Short web captions
################
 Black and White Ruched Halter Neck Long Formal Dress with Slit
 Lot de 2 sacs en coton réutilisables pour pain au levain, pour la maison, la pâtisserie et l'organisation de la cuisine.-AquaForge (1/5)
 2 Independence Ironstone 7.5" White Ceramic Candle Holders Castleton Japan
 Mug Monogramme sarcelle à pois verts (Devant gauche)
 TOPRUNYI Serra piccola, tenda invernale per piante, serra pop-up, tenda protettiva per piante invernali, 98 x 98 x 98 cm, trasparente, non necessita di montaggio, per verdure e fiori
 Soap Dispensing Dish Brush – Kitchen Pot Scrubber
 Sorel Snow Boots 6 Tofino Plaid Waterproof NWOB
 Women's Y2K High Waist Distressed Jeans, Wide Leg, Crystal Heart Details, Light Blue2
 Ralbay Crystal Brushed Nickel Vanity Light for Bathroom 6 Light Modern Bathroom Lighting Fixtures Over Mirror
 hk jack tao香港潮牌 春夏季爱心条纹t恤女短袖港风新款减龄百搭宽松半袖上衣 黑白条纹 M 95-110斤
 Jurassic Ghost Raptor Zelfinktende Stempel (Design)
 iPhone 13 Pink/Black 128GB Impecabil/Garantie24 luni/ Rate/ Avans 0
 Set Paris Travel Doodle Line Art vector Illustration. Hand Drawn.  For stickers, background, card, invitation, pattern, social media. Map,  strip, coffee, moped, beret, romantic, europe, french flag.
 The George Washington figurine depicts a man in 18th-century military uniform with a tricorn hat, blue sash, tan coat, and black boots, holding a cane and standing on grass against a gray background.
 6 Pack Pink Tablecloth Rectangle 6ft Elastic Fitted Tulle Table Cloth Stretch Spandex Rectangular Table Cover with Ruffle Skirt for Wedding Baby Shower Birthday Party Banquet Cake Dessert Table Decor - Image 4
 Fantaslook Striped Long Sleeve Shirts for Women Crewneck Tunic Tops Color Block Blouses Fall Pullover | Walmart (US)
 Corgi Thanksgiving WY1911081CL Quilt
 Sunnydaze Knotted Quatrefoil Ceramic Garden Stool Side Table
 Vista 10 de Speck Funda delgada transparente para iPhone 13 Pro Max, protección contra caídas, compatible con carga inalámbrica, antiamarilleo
################
## Your goal
Only lines containing the string "iPhone" belong in the answer; find them in the data above and copy them.

## Written response
 iPhone 13 Pink/Black 128GB Impecabil/Garantie24 luni/ Rate/ Avans 0
 Vista 10 de Speck Funda delgada transparente para iPhone 13 Pro Max, protección contra caídas, compatible con carga inalámbrica, antiamarilleo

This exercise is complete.